= Constantia Eriksdotter =

Illegitimate daughter of Eric XIV of Sweden

Constantia Eriksdotter (1560–1649) was an illegitimate daughter of Eric XIV of Sweden and Agda Persdotter. She was called "The Queen of Tiveden".

==Life==
Constantia Eriksdotter and her sister Virginia were removed from their mother's custody when she married in 1561. This was illegal, as according to the law, their mother had sole custody until the children reached the age of three. They were placed first in the court of Princess Cecilia of Sweden, then that of Princess Elizabeth of Sweden (1564), and finally that of queen Karin Månsdotter. In 1573, she visited her deposed father in prison and was possibly the last family member to see him alive.

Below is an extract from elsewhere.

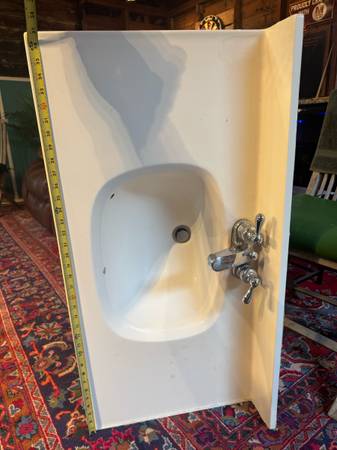 One-piece countertop/sink basin 1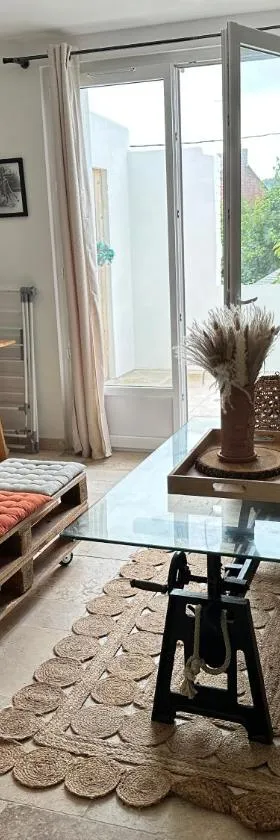 Appart 2 min de la plage，位于滨海伯内尔维尔的酒店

On 13 January 1594, she married the English nobleman Henry Frankelin, a courtier of her uncle Charles IX of Sweden. The same year, she was awarded nine estates in Väne parish in Bohuslän by her cousin, King Sigismund III Vasa. In 1595, she was further granted Bocksjö Manor in the parish of Tiveden in Västergötland, where she chose to reside. As a widow after 1610, she mainly lived at Odenfors gard in Linköpings kommun outside Vreta. She died at Östergötland and was buried together with her husband at Undenäs Old Church in Undenäs parish (Undenäs socken) in Skaraborg County. A moonstone belonging to Constantia is still kept
in the Undenäs church.

==Issue==
1. Carl Frankelin (d. 1631), a major who fell at Greifswald when it was occupied under the Treaty of Stettin.
2. Johan Frankelin
3. Maria Catharina Frankelin (d. 1661), married to governor and nobleman Anders Koskull (1594-1676)
4. Elisabet Frankelin (d. 1655), married to Christian Frost (d. 1631)

==Other Sources ==
- Gadd, Pia: Frillor, fruar och herrar - en okänd kvinnohistoria Falun 2009 (Swedish)
- Neander Gustaf. Constantia Eriksdotter. En konungadotter i Tivedsbygden. 1941. (Swedish)
- Elgenstiernas Ättartavlor II sid. 817. (Swedish)
- Svenskt Biografiskt Lexikon XVI sid. 421–422. (Swedish)
- Wikenros, Ingemar: Constantia Eriksdotter: Kungadottern på Bocksjöholm och Odensfors. Mariestad 1992. (Swedish)
- Wikenros, Ingemar: Kungadottern Constantia Eriksdotter: Ättlingar och gårdar i Undenäsbygden. Mariestad 2010.
- Riddarhusets Stamtavlor på cd-rom (med kompletteringar och rättelser) (Swedish)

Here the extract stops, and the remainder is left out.